On April 12, 1861 the southern troops fired on Fort Sumter to compel the fort commander’s surrender. This began the American Civil War. It’s interesting to note that 4 slave states remained in the Union. West Virginia was created out of the western counties of Virginia when Virginia seceded.

Abraham Lincoln’s Emancipation Proclamation wasn’t issued until January 1, 1863. This was 2 years AFTER the events at Fort Sumter. Even Abraham Lincoln’s much credited Emancipation Proclamation didn’t end slavery. He told his cabinet about it in July 1862, but he needed a victory on the battlefield to launch his plan. That victory came in September 1862 at Antietam. After the victory he announced that the Emancipation Proclamation would go into effect on January 1, 1863 and would apply to all slaves in Confederate territory UNLESS the southern states surrender. Southern lands already in the hands of the Union were exempt. Lincoln’s threat of ending slavery in the south was aimed at bringing a quick end to the war and not at freeing the slaves. Instead, the war dragged on for another 3 years.

In the summer of 1863 Congress instituted a draft in the Union. This caused riots in the streets. The most well known was in New York City where blacks were attacked and lynched in the streets. Apparently, the idea of being forced to fight to free slaves wasn’t very popular even in the northern states.

So, if the attack on Fort Sumter was credited with starting the American Civil War then how could the war have been caused by slavery? Abraham Lincoln was opposed to slavery, but he had also said during his campaign that he wasn’t going to abolish it.

That war was fought over state’s rights. The leadership in the southern states didn’t like the way they were being treated and several voted to leave the United States. The Federal government was counting slaves to determine taxes, but was ignoring them when it came to figuring out the number of representatives in Congress. The southern states formed their own central government called the Confederate States and they were determined to rule themselves.
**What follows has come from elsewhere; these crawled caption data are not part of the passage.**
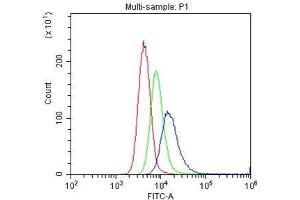 Flow Cytometry analysis of U937 cells using anti-CD31 antibody . (CD31 抗体  (AA 28-382))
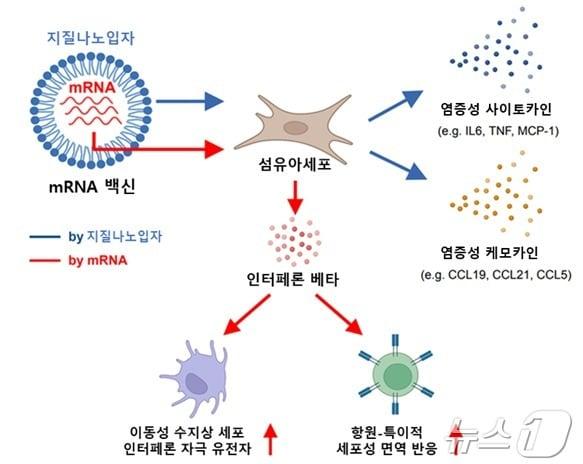 mRNA 백신 접종 부위의 초기 면역반응 모식도&#40;질병관리청 제공&#41;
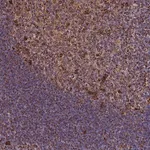 Merck Anti-THUMPD2 antibody produced in rabbit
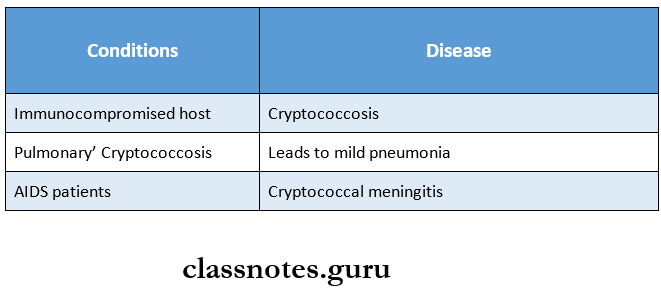 Mycology Cryptococcosis pathogenesis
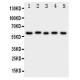 ASIC3 Antibody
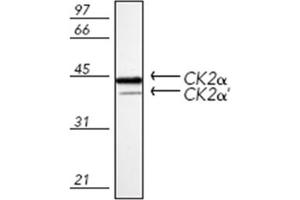 Western blot analysis of mouse spleen tissue extract, probed with Casein Kinase 2 alpha polyclonal antibody . (CSNK2A1/CK II alpha Antikörper)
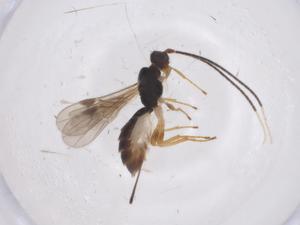  ( - CBG-A55259-C03)  @11 [ ] CreativeCommons - Attribution Share - Alike (2024) Centre for Biodiversity Genomics Centre for Biodiversity Genomics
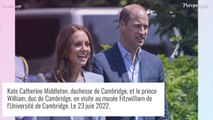 Le prince William complètement hors de lui, cette vidéo devenue virale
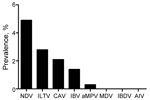 Thumbnail of Prevalence of 8 avian viruses detected by reverse transcription PCRs of a subset of 2,427 tracheal and cloacal swab samples collected in live-bird markets, Benin and Togo, 2009. NDV, Newcastle disease virus; ILTV, infectious laryngotracheitis; CAV, chicken anemia virus; IBV, infectious bronchitis virus; aMPV, avian metapneumovirus; MDV, Marek’s disease virus; IBDV, infectious bursal disease virus; AIV, avian influenza virus.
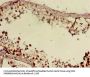 DMRT1 Antibody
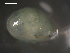  ( - BJL-CH170)  @12 [ ] CreativeCommons - Attribution (2010) Unspecified Centre for Biodiversity Genomics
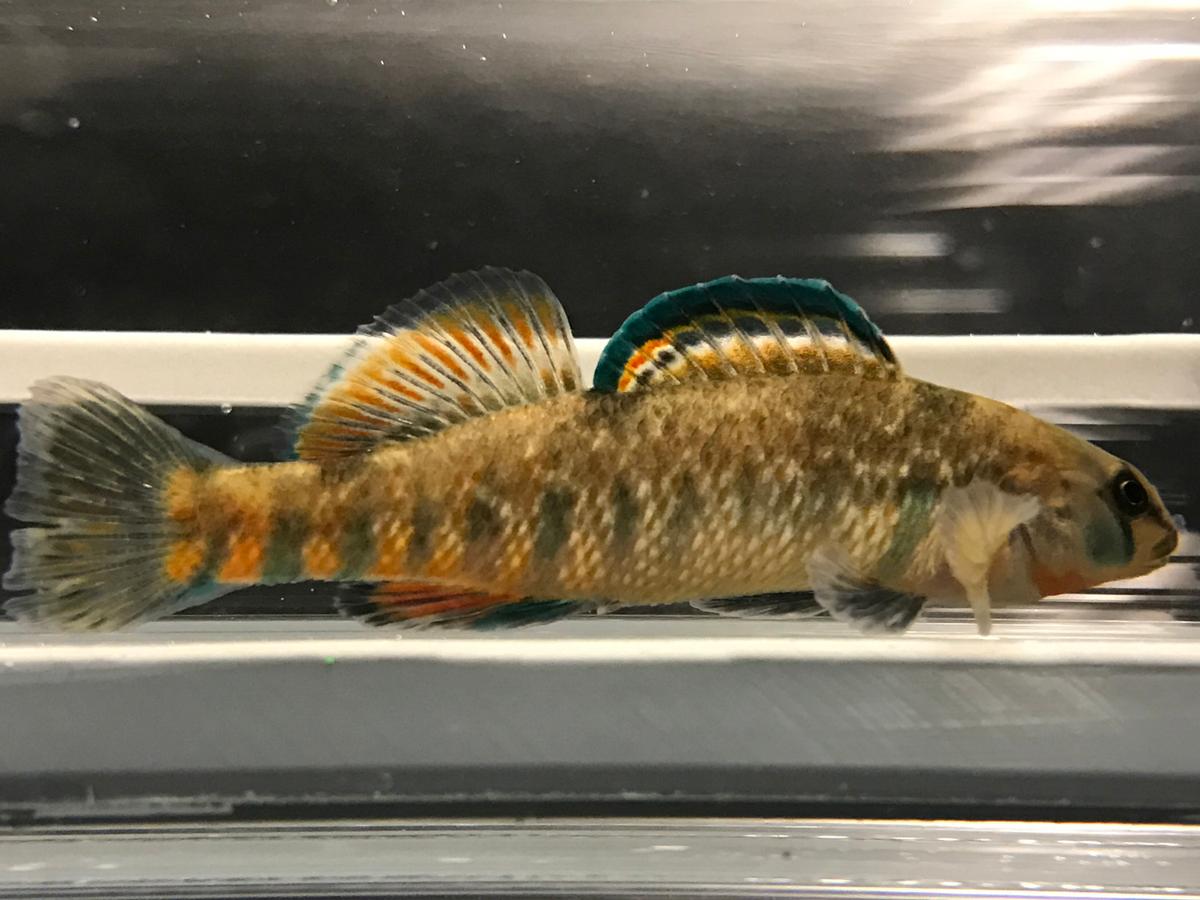 Fish exposed to sewage in water can spread bacteria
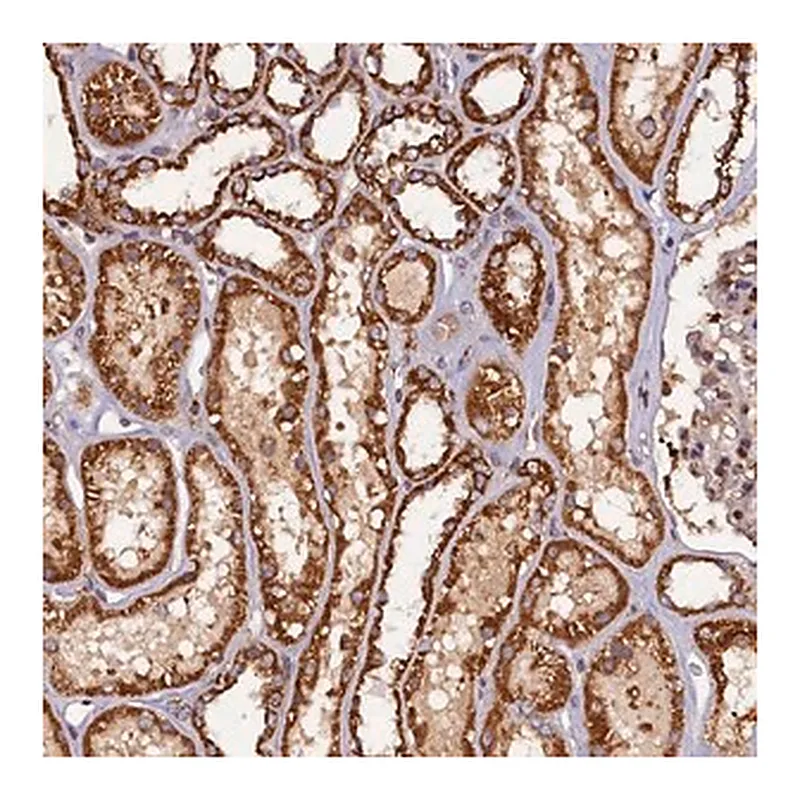 Merck Anti-NCKAP5L antibody produced in rabbit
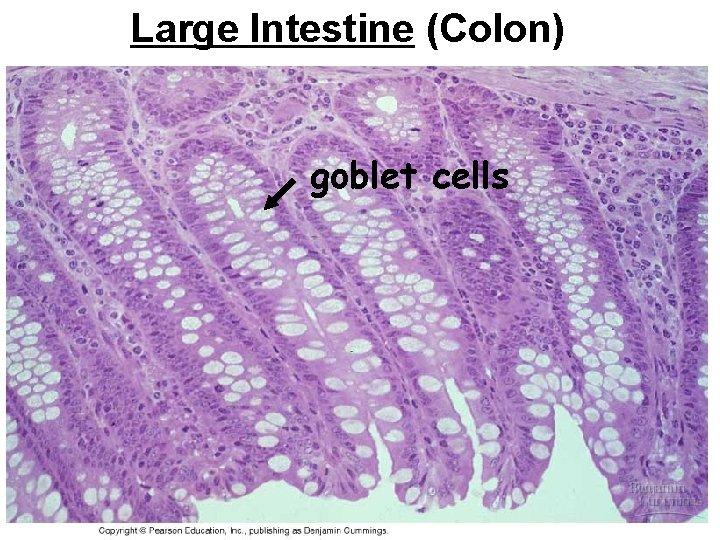 Large Intestine (Colon) goblet cells 
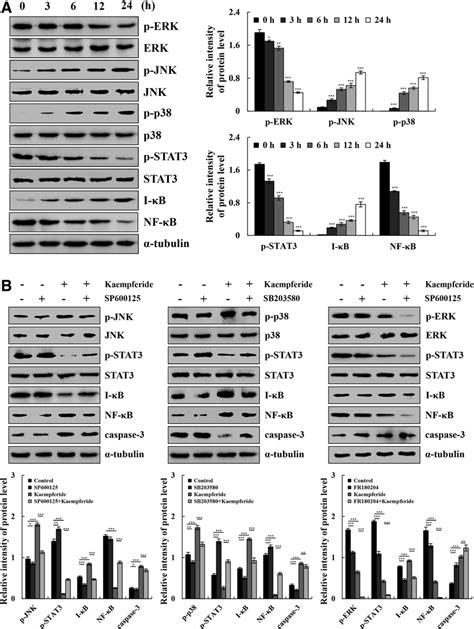 Kaempferide Induces Apoptosis Of A Cells Via The Mapk Stat Nf B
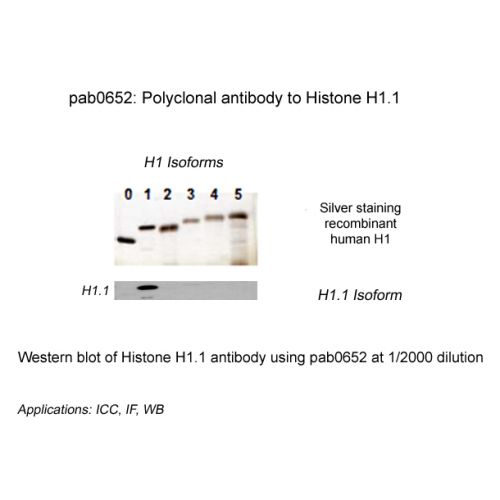 Histone H1.1 antibody
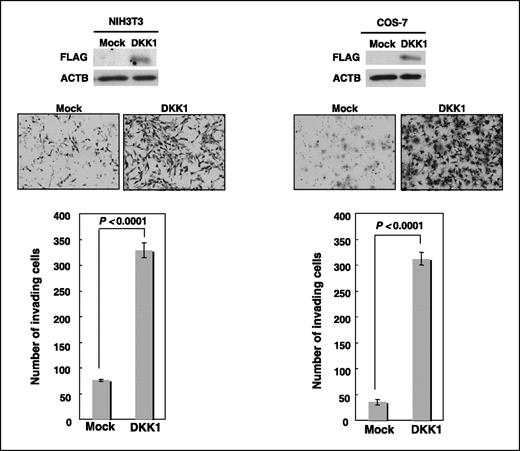 Figure 6. Enhanced invasiveness of mammalian cells transfected with DKK1-expressing plasmids. Assays showing the invasive nature of NIH3T3 (left) and COS-7 cells (right) in Matrigel matrix after transfection with expression plasmids for hDKK1. Top, transient expression of DKK1 in NIH3T3 and COS-7 cells detected by Western blot analysis; middle and bottom, Giemsa staining (×200 magnification) and the number of cells migrating through the Matrigel-coated filters. Assays were done thrice, each in triplicate wells.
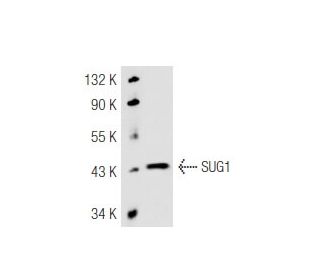 SUG1 Antibody (2837C4a) - Western Blotting - Image 45971 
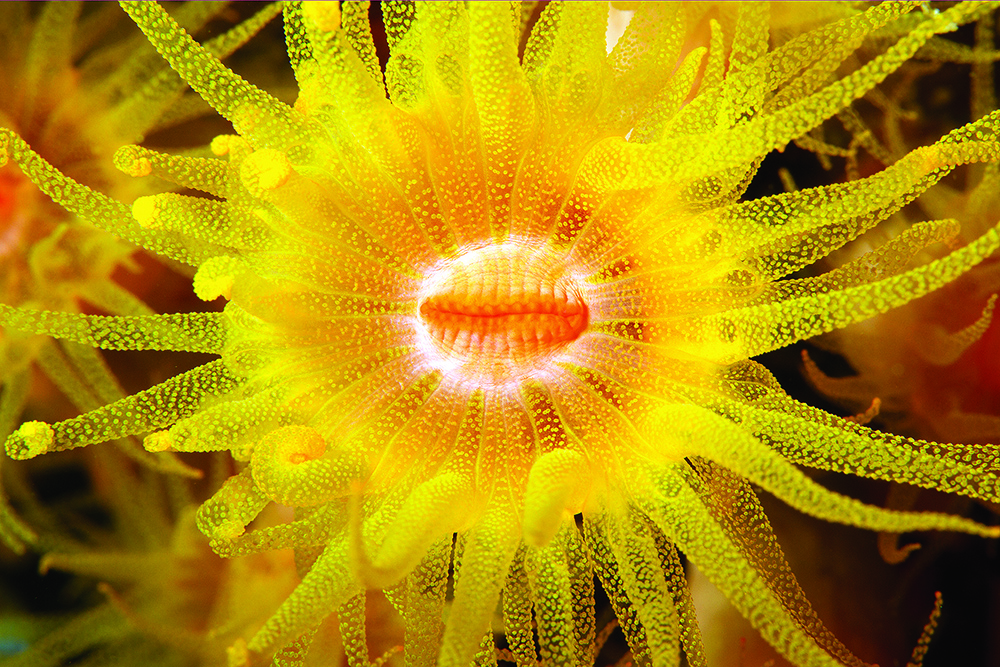 Close-up of Cnidarians with extended tentacles and stinging cells, showing feeding and defence in reef habitat.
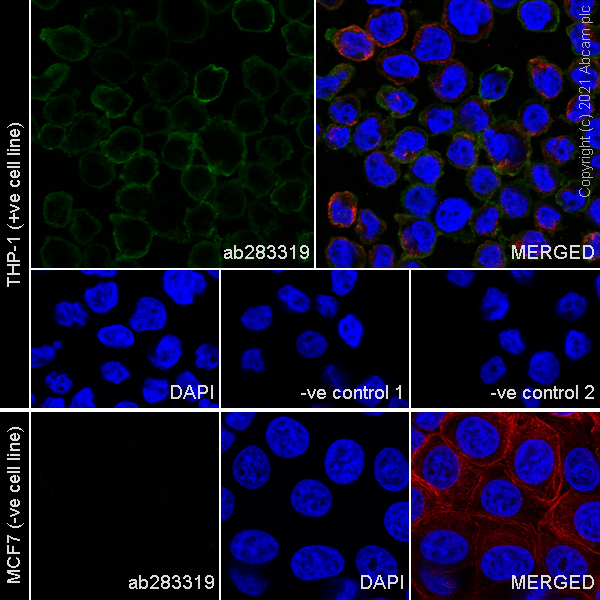 Immunocytochemistry/ Immunofluorescence - Anti-Iba1 antibody [EPR16589] - Mouse IgG1 (Chimeric) (ab283319), expandable thumbnail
When they seceded they asked the Union troops to leave the forts, but they refused. This was the equivalent of a foreign army on their land. The people of those states and their state government’s didn’t consider themselves part of the United States anymore and they didn’t want the United States troops in their states. The Federal government ignored their wishes and chose to stay put. It was the desire of the southern states to exercise their independence from the United States that caused them to attack those forts.

The issue of slavery came along after the war had begun and after Lincoln had become President. It was a byproduct of the war, but certainly not the cause of it. The most ironic thing of all is that of those 4 slave states that remained in the Union the Emancipation Proclamation applied to none of them because they hadn’t seceded from the Union.

Congress passed the proposed 13th Amendment in January 1865. When Lincoln was assassinated in April 1865 the future amendment still hadn’t been ratified by enough states to become part of the U.S. Constitution. That didn’t happen until December 1865.

The American Civil War was fought over state’s rights and the side fighting for those rights lost the war. It’s a total rewrite of history to claim that the American Civil War was fought over slavery or that Abraham Lincoln ended slavery. Lincoln wasn’t even alive when slavery ended!
It must be pretty tough to explain to kids that the President of the United States decided that certain people couldn't be in control of their own destinies and rule themselves. It must be even tougher to explain that Lincoln only issued his Emancipation Proclamation as a threat to compel the southern states to surrender. That’s why children are taught that the American Civil War was fought over slavery instead of independence.